** Extracted entries follows **

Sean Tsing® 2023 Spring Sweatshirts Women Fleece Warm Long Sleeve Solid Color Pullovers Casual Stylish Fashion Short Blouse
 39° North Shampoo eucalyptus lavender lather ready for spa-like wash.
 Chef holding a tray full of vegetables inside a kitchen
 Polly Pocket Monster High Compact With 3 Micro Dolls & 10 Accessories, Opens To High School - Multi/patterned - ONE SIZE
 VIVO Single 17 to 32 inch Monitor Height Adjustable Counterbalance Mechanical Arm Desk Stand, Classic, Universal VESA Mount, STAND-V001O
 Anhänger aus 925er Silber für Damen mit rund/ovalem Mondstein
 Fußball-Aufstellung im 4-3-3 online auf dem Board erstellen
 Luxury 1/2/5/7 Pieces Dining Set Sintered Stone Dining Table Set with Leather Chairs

** End of Extracted entries **

> Assigned task: Output the records verbatim, from the first line to the last.

> Task response:
Sean Tsing® 2023 Spring Sweatshirts Women Fleece Warm Long Sleeve Solid Color Pullovers Casual Stylish Fashion Short Blouse
 39° North Shampoo eucalyptus lavender lather ready for spa-like wash.
 Chef holding a tray full of vegetables inside a kitchen
 Polly Pocket Monster High Compact With 3 Micro Dolls & 10 Accessories, Opens To High School - Multi/patterned - ONE SIZE
 VIVO Single 17 to 32 inch Monitor Height Adjustable Counterbalance Mechanical Arm Desk Stand, Classic, Universal VESA Mount, STAND-V001O
 Anhänger aus 925er Silber für Damen mit rund/ovalem Mondstein
 Fußball-Aufstellung im 4-3-3 online auf dem Board erstellen
 Luxury 1/2/5/7 Pieces Dining Set Sintered Stone Dining Table Set with Leather Chairs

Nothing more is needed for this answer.